I'd suggest reciting the Prayers at the Foot of the Altar with the altar boys before Mass begins, and reciting the Prologue of Saint John's Gospel after Mass.

Anonymous said...

Dom Alcuin Reid has an extraordinarily informative article (click here) at NLM today, on that so-called "first Mass in Italian" on March 7, 1965.

That was actually the date of implementation of the instruction Inter Oecumenici “On the Proper Implementation of the Constitution on the Sacred Liturgy”. This Instruction made the changes in the traditional Mass that appear in the 1965 Ordo Missae—simplification of the initial prayers at the foot of the altar, elimination of the final Gospel, introduction of the prayers of the faithful—allowing for some use of the vernacular but retaining Latin for the Preface and Roman Canon (then still the only EP, and more important than the Latin, retaining most of the ritual action and ceremonies of the traditional Mass.
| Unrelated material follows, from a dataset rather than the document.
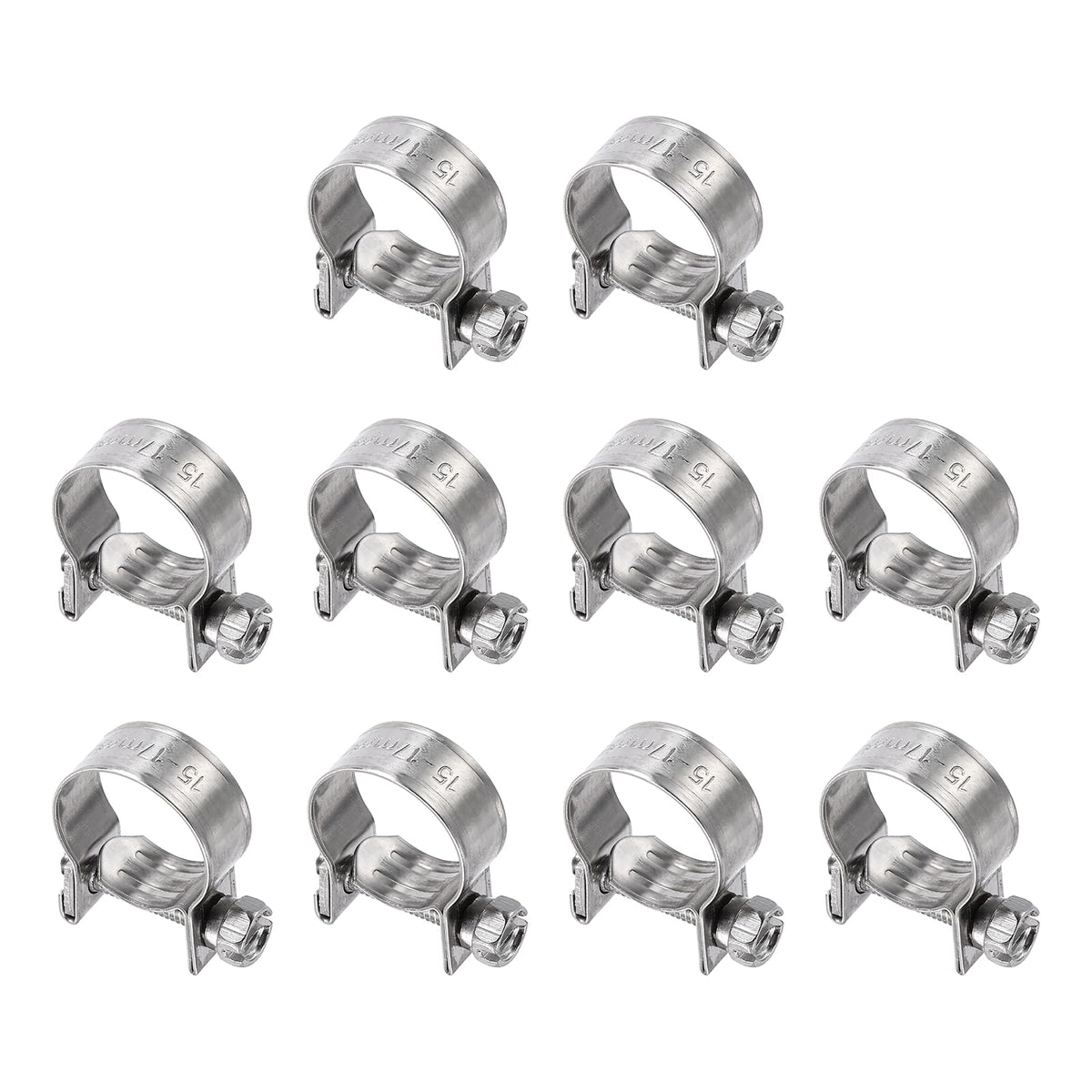 HARFINGTON 10pcs Fuel Injection Hose Clamp 15-17mm Adjustable 304 Stainless Steel Mini Gas Line Hose Clamp for Automotive Agricu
It may be inferred that at this “first Mass in Italian” Paul VI actually said the Preface and Canon in Italian, as well as the other “prayers said only by the priest” (presumably including the collect, super oblata, and postcommunion prayer). It is unclear whether the Ordinary (Kyrie, Gloria, etc) was said in Italian.

In any event:

“it is worth noting that no less than Klaus Gamber judged the 1965 Ordo Missae (there was no 1965 Missale Romanum) to be the last form of the traditional Roman rite, appropriately reformed according to the provisions of the Council.” (As was plainly stated without reservation in the new revised 1965-1966 hand missals published in the U.S.)

Anonymous said...

6. Mandatory birettas with poms.

7. Public penance outside in front
of church

8. Married and women priests.

Anonymous said...

Fr. AJ., If/when the pope allows for the same things that the Anglican Use already allows. When do you think this would happen? 5, 10, 15 years?

Marie said...

Another problem, I think [I haven't checked]: It seems Summorum Pontificum does not allow mixing parts of the EF with the OF.

Anonymous said...

Ah. What if? What if JFK had never been killed? What if Mr. Obama was not elected President?

What if God allowed the desecration of the Holy Mass to test the hearts of his "faithful," to test the hearts of lay people, priests, nuns, bishops, cardinals, and even Popes? To test our generation as to the truth of their claims they are believers in the Word of God, Jesus Christ? To winnow the wheat from the chaff? What if?

Rood Screen said...

Marie,

SP does not prevent the Holy See from altering the rite of Mass.

Marie said...

JBS,

"SP does not prevent the Holy See from altering the rite of Mass."


But of course, it's the Holy See. Thanks.

Anonymous said...

The problem with the Ordinary Form of the Mass is the involvement of lay people in the sanctuary, eucharistic processions, sign of peace, Extraordinary Ministers distributing Communion.

This breaks up the Mass and turns it into more of a "performance". It is a constant distraction. However, I cannot see how this can be overcome because that is what the majority of people who attend the Ordinary Form of the Mass desire.

Jan

Fr. Allan J. McDonald said...

Prior to Vatican II there was a unified sense of the sacred in general in the Catholic Church and a very developed sense of reverence for the sacraments in general and for the Holy Eucharist in particular. The externals were unified as well. The laity couldn't enter the sanctuary or touch a chalice let alone the Eucharist.

All this was stripped to make the laity feel more like priests in the supposed sense of the general priesthood of the laity because of baptism, not Holy Orders, but we all know that the lines of the ministerial priesthood and baptismal priesthood were blurred.

So the laity could do almost everything the priest could do, enter the sanctuary, touch the host, distribute Holy Communion, stand like the priest to receive and on and on.

The loss of the sense of reverence that was a unity prior to Vatican II will be very difficult to recover. Not all of it should be recovered but most of it should be.

In addition, the emphasis on the Eucharist as meal to the great neglect of sacrifice contributes to the problem and you can see this already occurring in 1964's papal Mass.